● **Collected material**
========

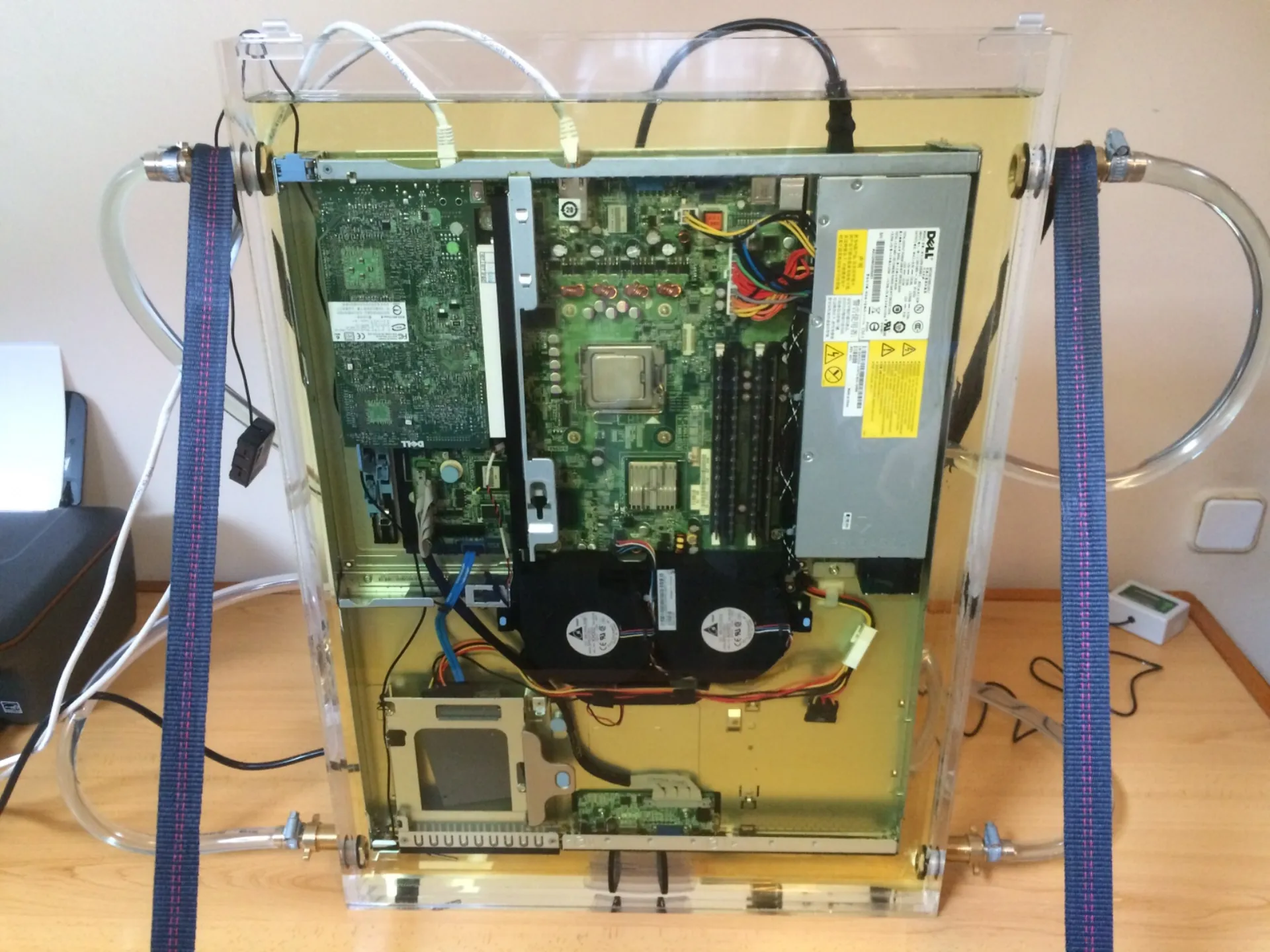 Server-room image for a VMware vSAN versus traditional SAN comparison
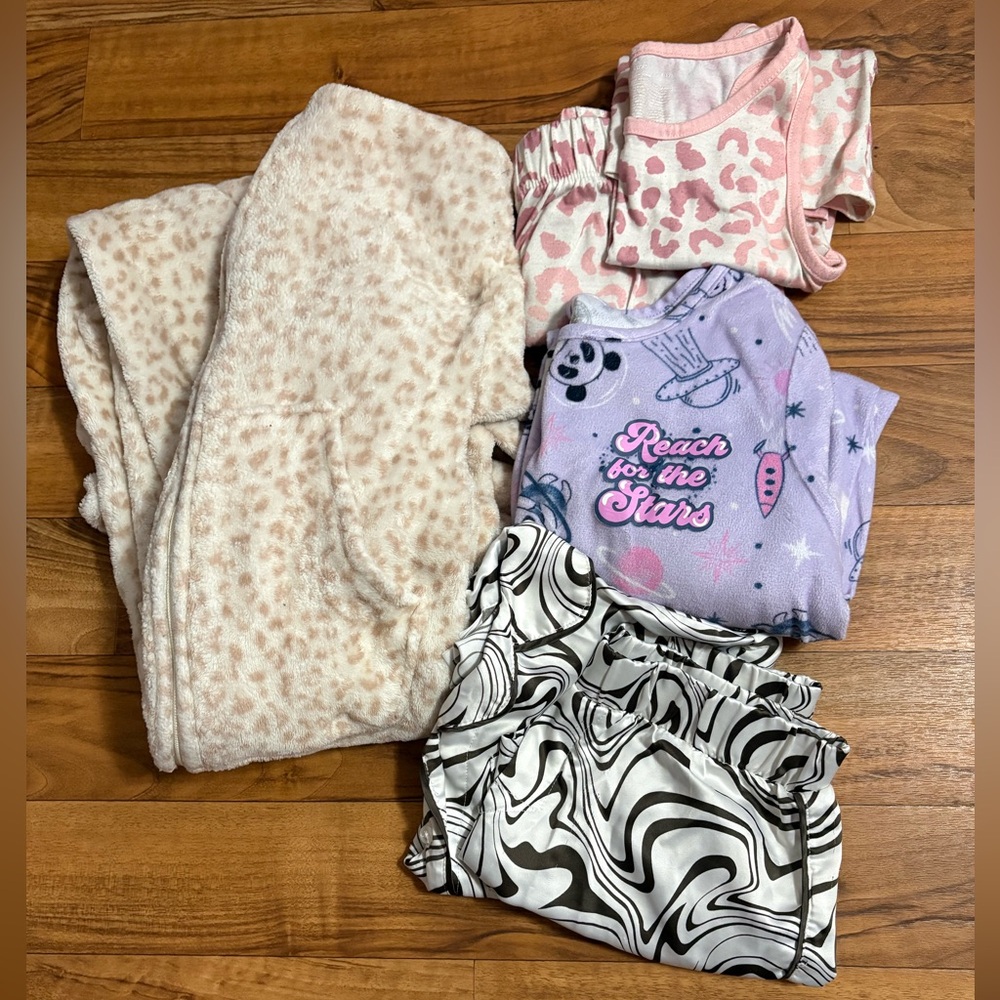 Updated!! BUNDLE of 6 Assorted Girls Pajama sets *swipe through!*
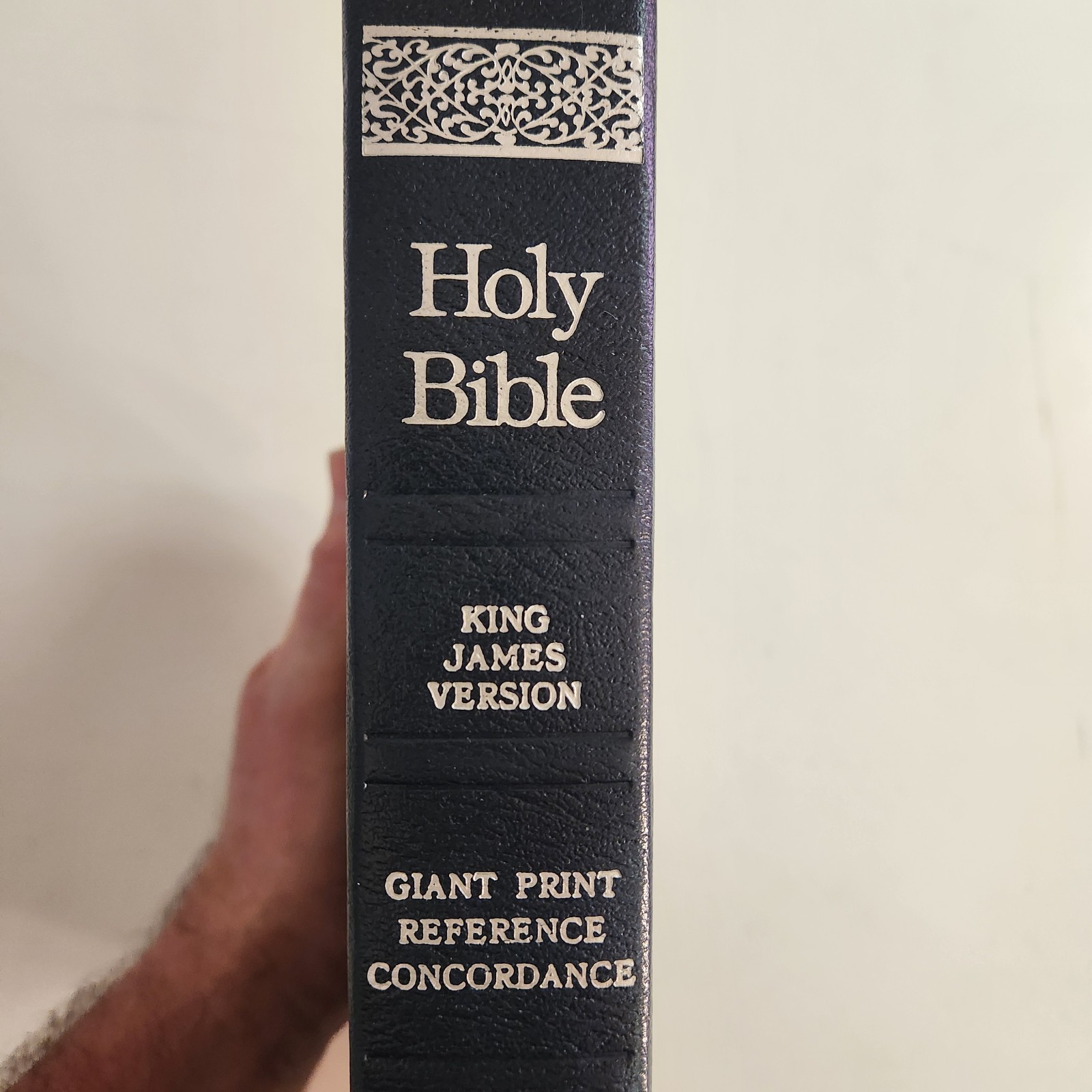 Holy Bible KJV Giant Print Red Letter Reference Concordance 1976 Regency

========

● **Required action**
Leave the pictures out, and print every line of the listing exactly as written.

● **Output for this task**
 Server-room image for a VMware vSAN versus traditional SAN comparison
 Updated!! BUNDLE of 6 Assorted Girls Pajama sets *swipe through!*
 Holy Bible KJV Giant Print Red Letter Reference Concordance 1976 Regency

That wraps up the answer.